In a ratings opinion released by Fitch affirmed Lagos State’s Long-Term Foreign and Local Currency Issuer Default Ratings (IDRs) at ‘B+’ with Negative Outlook and Short-Term Foreign Currency IDR at ‘B’. The National Long-Term Rating has been affirmed at ‘AA+(nga)’, with a Stable Outlook. The Long-term local currency on the state’s MTN programme as well as senior unsecured bonds have also been affirmed at ‘B+’/ ‘AA+(nga)’.
Fitch said the affirmation reflects the state’s weak socio-economic indicators by international standards. It also reflects Fitch’s expectations of resilient operating performance in the medium term adequate transparency compared with national standards and satisfactory debt metrics. The Negative Outlook reflects that of Nigeria (‘B+’/Negative).
You might be wondering what the kay drivers of the ratings are, see below”
Fitch said Lagos benefits from a diversified revenue structure, and especially from strong internally generated revenues (IGR), which we expect to support our forecast of an operating margin of around 50% over the medium term. This, in tandem with the administration’s commitment to keep cost growth under double-digit inflation, should mitigate pressure from a potential decline in oil-related state statutory allocations from the Federal Accounts Allocation Committee (FAAC).
There is also a strong management which according to Fitch is a contributing factor to the positive rating. After a 20% drop in 2015, Fitch expects political continuity following last elections to boost capex over the medium term up to an annual average of NGN450bn over 2017-2019, mostly focused on transportation, water, health, education and social protection. We expect the administration’s efforts to improve transparency and accountability, together with a larger recourse to public-private partnerships, will attract foreign investments and, ultimately, sustain the state’s revenue.
Lagos’ debt will grow over the medium term up to NGN1 trillion or over 150% of tax revenues, driven by a demanding capex programme and the negative effect of the Naira devaluation. Fitch expects debt sustainability to remain adequate, with a pay-back (debt-to-current balance) ratio of around three years.
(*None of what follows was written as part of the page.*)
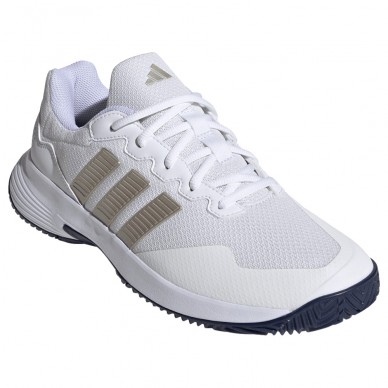 Adidas Gamecourt 2 M white metallic dark blue 2026 Padel Shoes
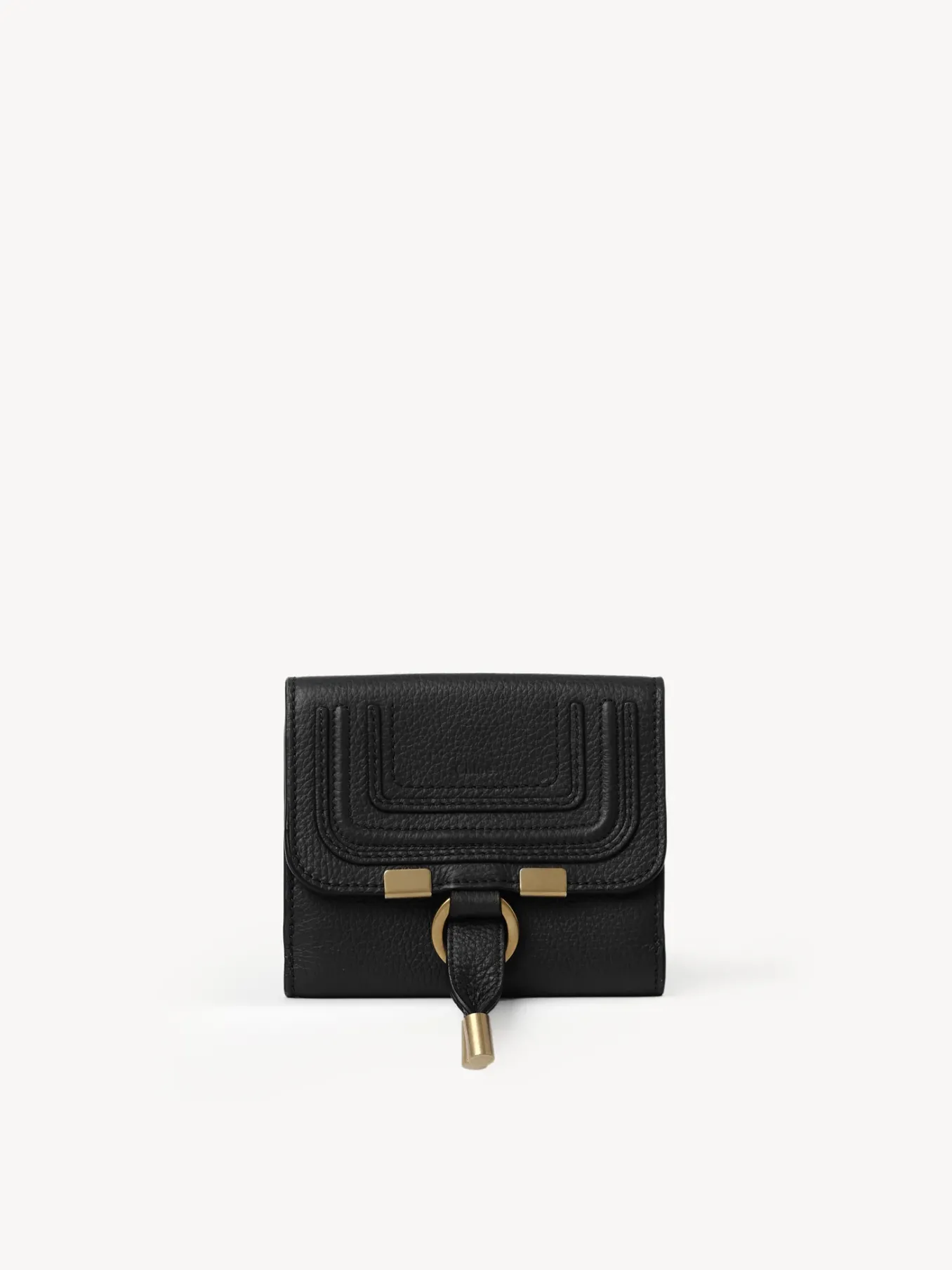 Portefeuilles Compacts-Chloé Portefeuille Compact A Rabat Marcie Noir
Liquidity, averaging NGN100bn over the medium term and equivalent to approximately 1x annual debt service requirements, should not be a risk.
Despite its weak socio-economic indicators by international standards, Lagos is considered Nigeria’s economic powerhouse as its GDP accounts for 20%-25% of national GDP. Domestic production is fuelled by its diversified economy, with services, construction, transport and industry making up 80% of the local economy. Given its limited reliance on oil- related activities, Fitch believes that Lagos’ socio-economic indicators will further improve as we forecast local GDP growth to outperform national real GDP growth, at 4.5%-5.5% in 2016-2017.
As to why Lagos state has a negative outlook, Fitch said that a downgrade of the sovereign’s ratings would lead to a corresponding action on Lagos’ IDRs. In the absence of a sovereign downgrade, an operating margin declining towards 30%, unfavourable changes in the national tax policy, debt rising beyond Fitch’s expectations over the medium term and economic instability, even at the local level, could lead to a downgrade.
A sovereign upgrade may be reflected in Lagos’ ratings, provided that budgetary improvements reduce debt levels to 1x the budget size. Further improvement of the local economy giving additional boost to IGR would also be positive for the ratings.
Lagos is running an expansionary budget in the last two years of its present government. There are infrastructure upgrade and knock downs goin on. The state will be wary not to take on too much debt. In the last part of December, the government sold NGN60 billion debt. There is also another NGN500 billion debt that will be sold later this year to be expended on transport infrastructure of the state.